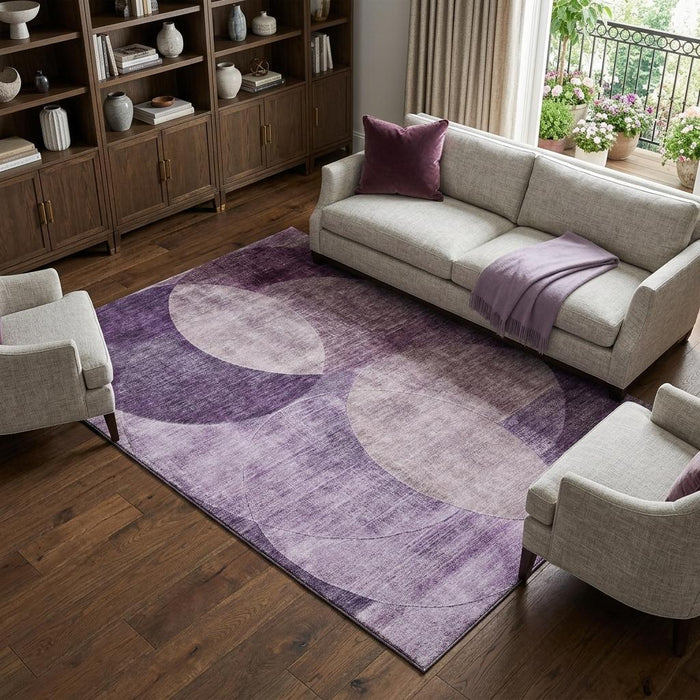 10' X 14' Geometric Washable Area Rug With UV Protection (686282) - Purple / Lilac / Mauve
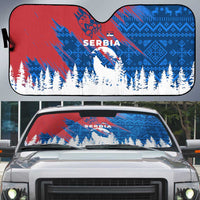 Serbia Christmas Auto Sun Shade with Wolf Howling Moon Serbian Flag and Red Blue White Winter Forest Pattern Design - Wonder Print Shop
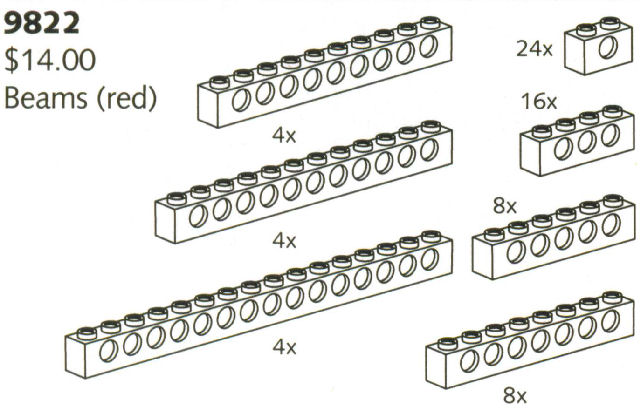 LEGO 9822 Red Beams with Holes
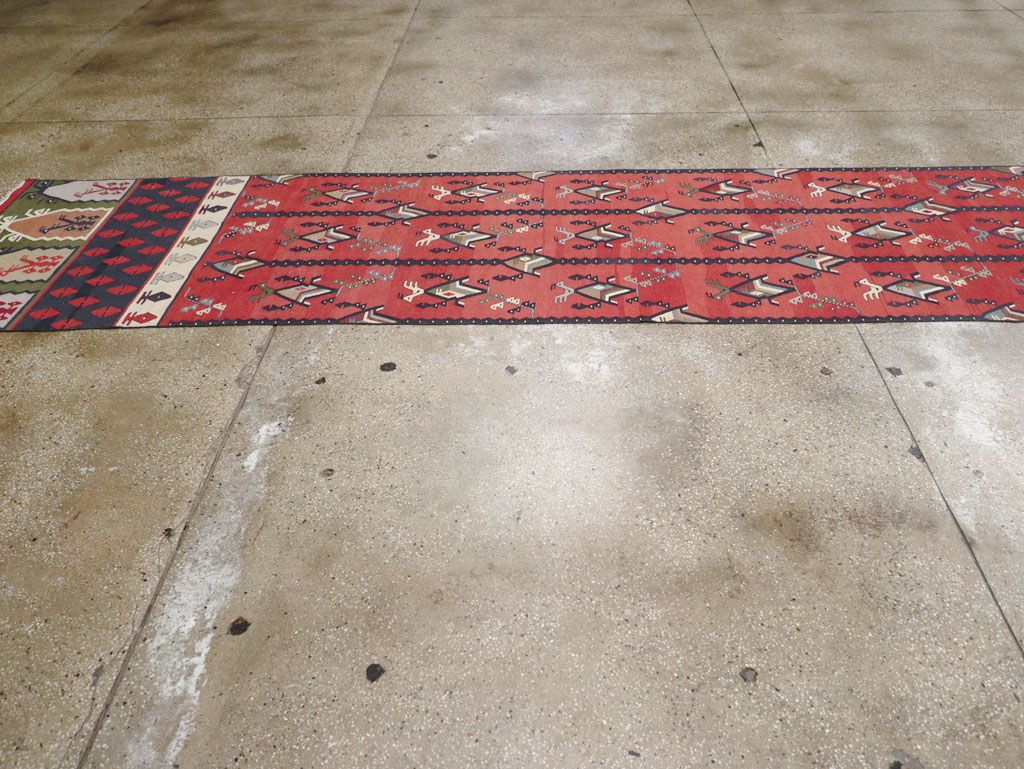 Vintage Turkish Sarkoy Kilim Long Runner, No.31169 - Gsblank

◇ ◇ ◇ ◇ ◇

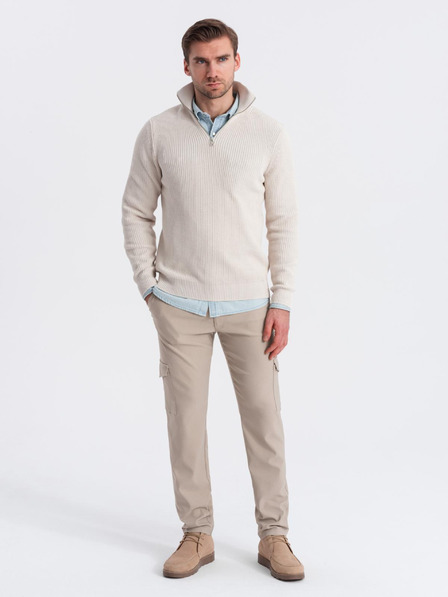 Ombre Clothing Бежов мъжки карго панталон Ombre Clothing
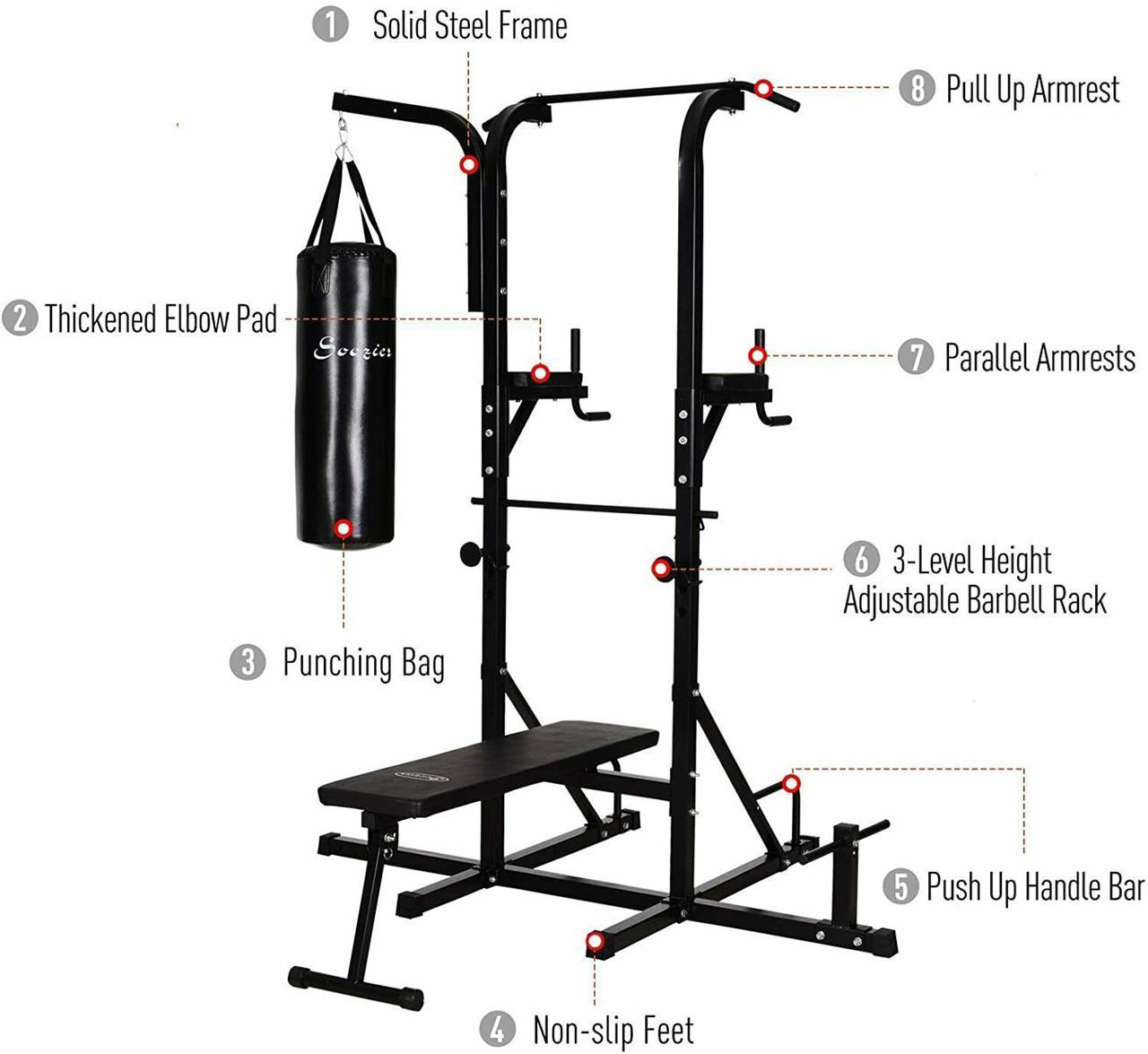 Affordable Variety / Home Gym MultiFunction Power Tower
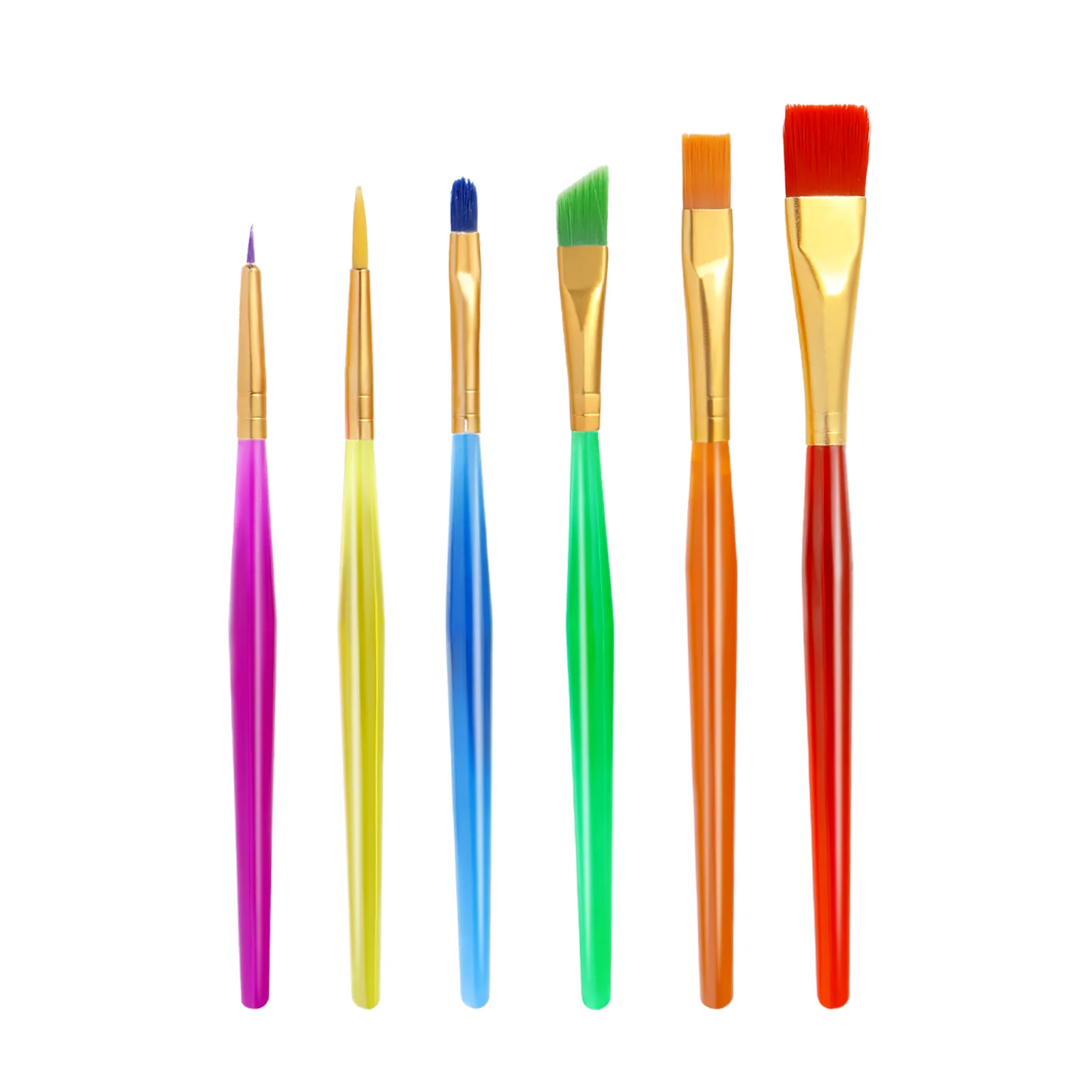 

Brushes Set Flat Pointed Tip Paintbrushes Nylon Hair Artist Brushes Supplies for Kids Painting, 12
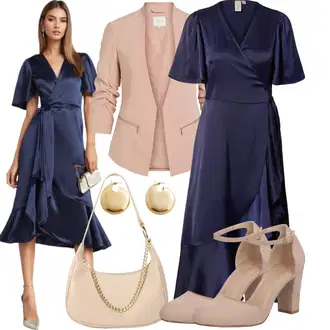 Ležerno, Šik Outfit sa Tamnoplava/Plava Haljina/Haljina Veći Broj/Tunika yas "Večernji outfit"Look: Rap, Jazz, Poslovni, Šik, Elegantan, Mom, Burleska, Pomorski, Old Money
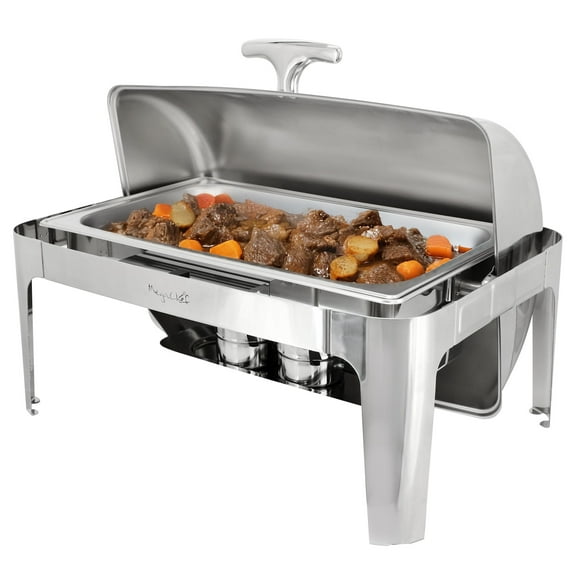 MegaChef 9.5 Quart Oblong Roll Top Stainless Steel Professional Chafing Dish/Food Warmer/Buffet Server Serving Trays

◇ ◇ ◇ ◇ ◇

An exact copy is needed of the entries above, starting at the line that holds "Brushes Set Flat" and stopping at the line that holds "Ležerno, Šik Outfit", both kept; pictures stay out.

__TASK ANSWER__
Brushes Set Flat Pointed Tip Paintbrushes Nylon Hair Artist Brushes Supplies for Kids Painting, 12
 Ležerno, Šik Outfit sa Tamnoplava/Plava Haljina/Haljina Veći Broj/Tunika yas "Večernji outfit"Look: Rap, Jazz, Poslovni, Šik, Elegantan, Mom, Burleska, Pomorski, Old Money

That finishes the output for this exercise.